Here is a listing. Write it all out again exactly, but not its pictures.

**PROVIDED DATA**
************

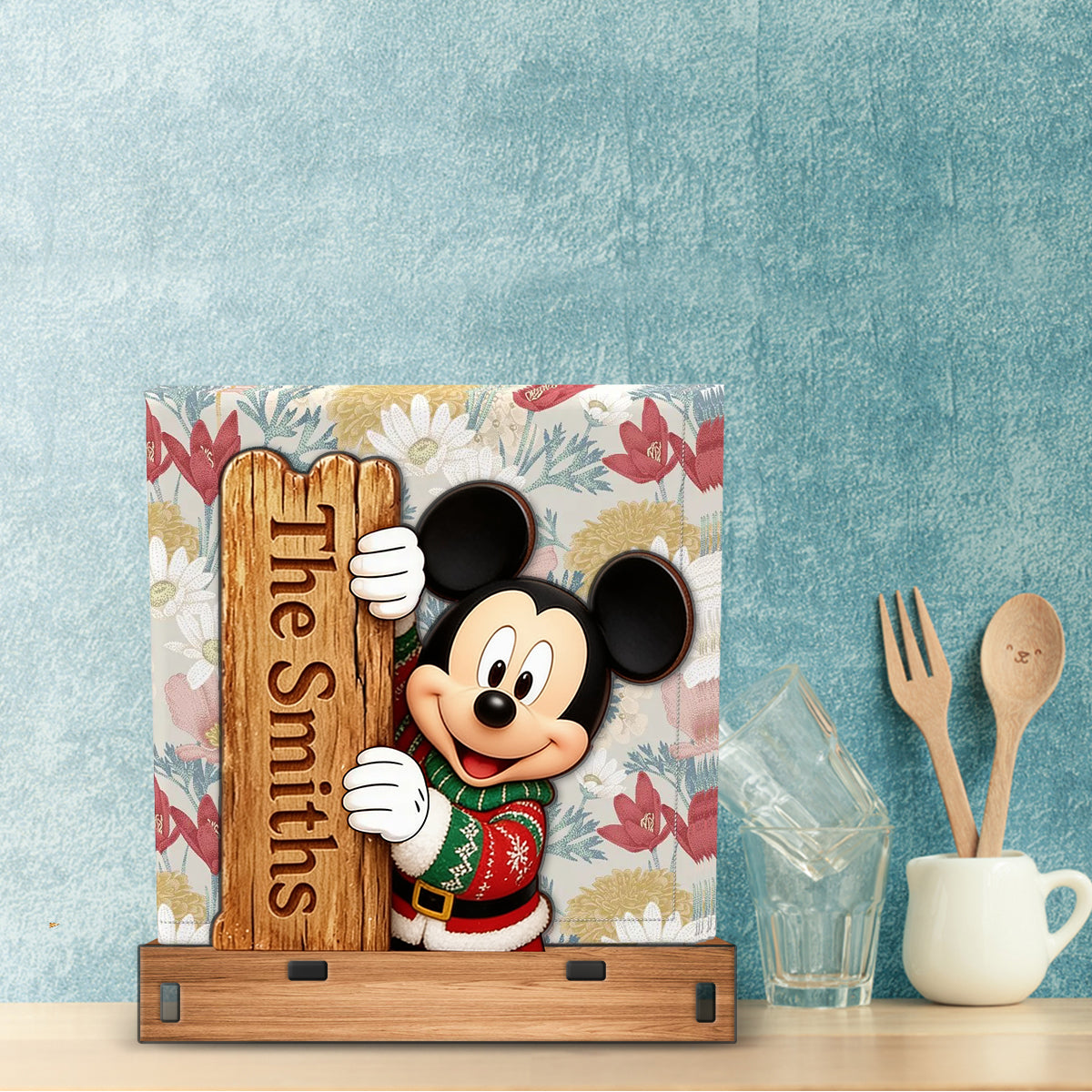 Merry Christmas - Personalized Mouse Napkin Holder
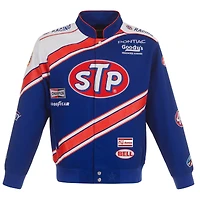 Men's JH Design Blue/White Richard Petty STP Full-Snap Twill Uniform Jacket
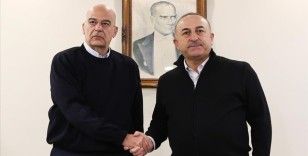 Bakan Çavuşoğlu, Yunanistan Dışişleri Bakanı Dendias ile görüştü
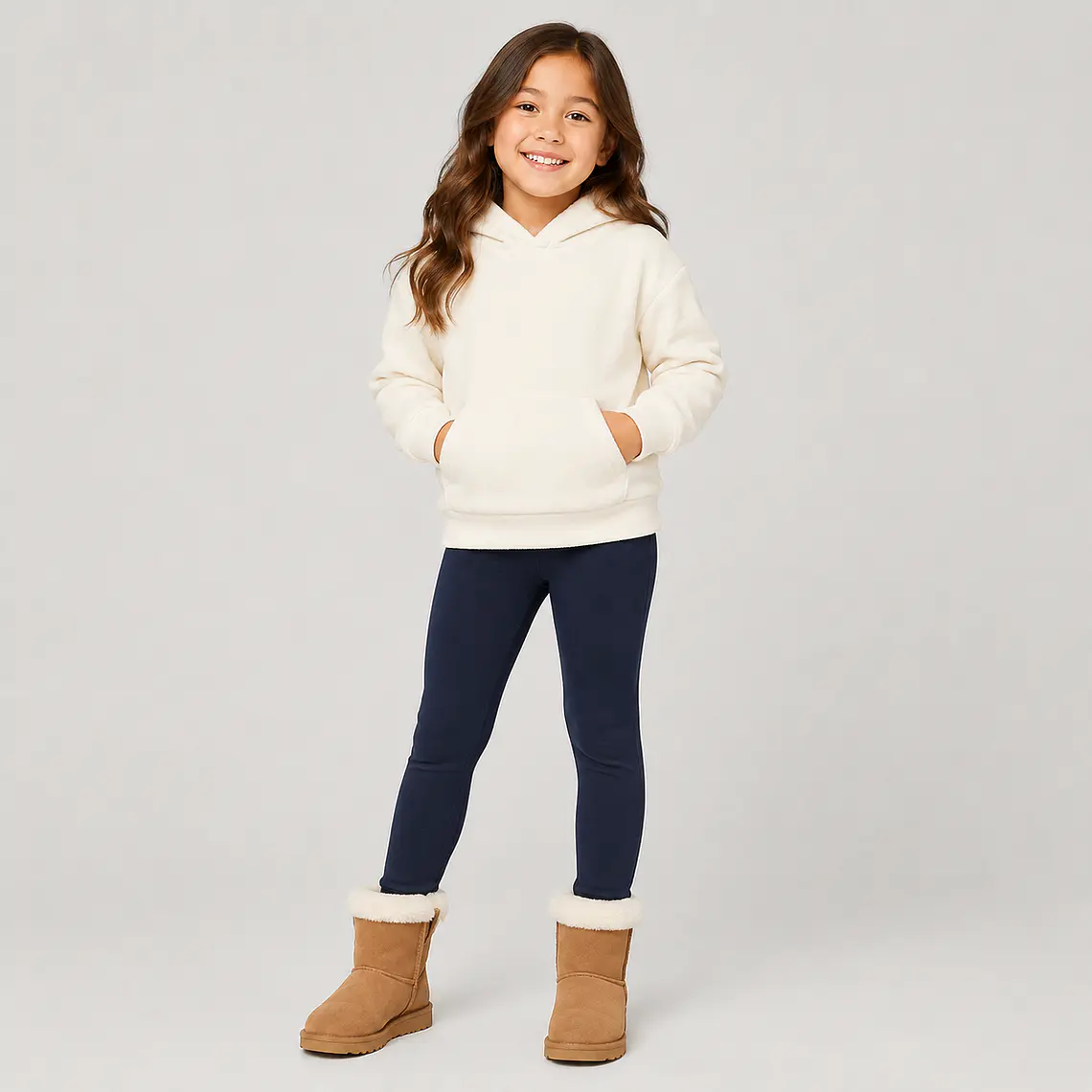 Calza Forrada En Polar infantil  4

************

**PROBLEM SOLUTION**
 Merry Christmas - Personalized Mouse Napkin Holder
 Men's JH Design Blue/White Richard Petty STP Full-Snap Twill Uniform Jacket
 Bakan Çavuşoğlu, Yunanistan Dışişleri Bakanı Dendias ile görüştü
 Calza Forrada En Polar infantil  4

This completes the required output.